Well, let me just start by getting this on the record: "Good lord, man, I can't support that." (And, yes, the version I remember is the "nun-beating" one.) But while this is nasty behavior (see CBS News, Fox News, Today), which should indeed be criminal, I'm skeptical about the apparent police theory that this is second-degree felony food tampering under Texas law:
Before the suspect was identified as a juvenile, police said she could have faced up to 20 years in prison. They had planned on arresting her on a charge of second-degree felony tampering.
Texas Penal Code § 22.09 provides,
(a) (2) "Tamper" means to alter or add a foreign substance to a consumer product to make it probable that the consumer product will cause serious bodily injury. (b) A person commits an offense if he knowingly or intentionally tampers with a consumer product [including food] knowing that the consumer product will be offered for sale to the public or as a gift to another. (d) An offense under Subsection (b) is a felony of the second degree unless a person suffers serious bodily injury, in which event it is a felony of the first degree.

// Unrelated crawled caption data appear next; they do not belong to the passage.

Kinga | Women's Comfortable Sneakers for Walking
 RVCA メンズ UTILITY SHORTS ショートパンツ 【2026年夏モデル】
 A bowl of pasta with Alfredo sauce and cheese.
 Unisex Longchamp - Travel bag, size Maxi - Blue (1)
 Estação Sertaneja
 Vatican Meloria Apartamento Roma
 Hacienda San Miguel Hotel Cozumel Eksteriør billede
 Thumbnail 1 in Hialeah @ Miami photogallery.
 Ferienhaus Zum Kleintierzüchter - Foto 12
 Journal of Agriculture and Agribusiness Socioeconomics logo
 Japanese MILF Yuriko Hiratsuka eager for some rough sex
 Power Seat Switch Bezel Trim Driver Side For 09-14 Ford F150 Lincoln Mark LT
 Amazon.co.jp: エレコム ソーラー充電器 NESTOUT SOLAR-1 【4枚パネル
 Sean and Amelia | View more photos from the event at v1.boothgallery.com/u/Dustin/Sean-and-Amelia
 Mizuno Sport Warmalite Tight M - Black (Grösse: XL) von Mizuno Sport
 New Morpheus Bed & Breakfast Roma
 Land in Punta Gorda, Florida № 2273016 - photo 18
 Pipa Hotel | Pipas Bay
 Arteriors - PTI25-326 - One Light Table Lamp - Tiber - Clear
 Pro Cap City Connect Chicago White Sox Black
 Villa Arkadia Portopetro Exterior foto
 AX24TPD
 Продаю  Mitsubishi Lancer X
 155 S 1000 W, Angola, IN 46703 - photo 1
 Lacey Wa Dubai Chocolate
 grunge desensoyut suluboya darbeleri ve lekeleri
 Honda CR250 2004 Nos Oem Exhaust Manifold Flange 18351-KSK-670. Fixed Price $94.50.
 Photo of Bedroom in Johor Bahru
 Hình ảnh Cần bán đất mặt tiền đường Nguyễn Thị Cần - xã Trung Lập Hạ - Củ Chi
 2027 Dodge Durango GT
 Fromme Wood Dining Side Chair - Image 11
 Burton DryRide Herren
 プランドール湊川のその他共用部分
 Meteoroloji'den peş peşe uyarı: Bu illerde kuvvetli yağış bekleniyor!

And licking food doesn't seem to "make it probable that the consumer product will cause serious bodily injury"—possible, yes, probable, no. (UPDATE: Just to be clear, matters might be different if the defendant knows she has a serious communicable disease that could be transmitted that way, but there seems to be no evidence this is so in this case.) To be sure, a nonprecedential Texas case does seem to stretch the "probable … will cause serious bodily injury" a bit, but that case involved someone sprinkling powdered feces on food, which strikes me as quite a bit more dangerous. (A jury sentenced the defendant to five years in prison.) The licked ice cream strikes me as comparable in dangerousness to guacamole at a party in which people were double-dipping, or for that matter a tub of ice cream into which someone had stuck a spoon that she had eaten from.
It's not that licking an ice cream tub is great for public health, and it's certainly illegal. But this particular Texas statute doesn't seem to cover it.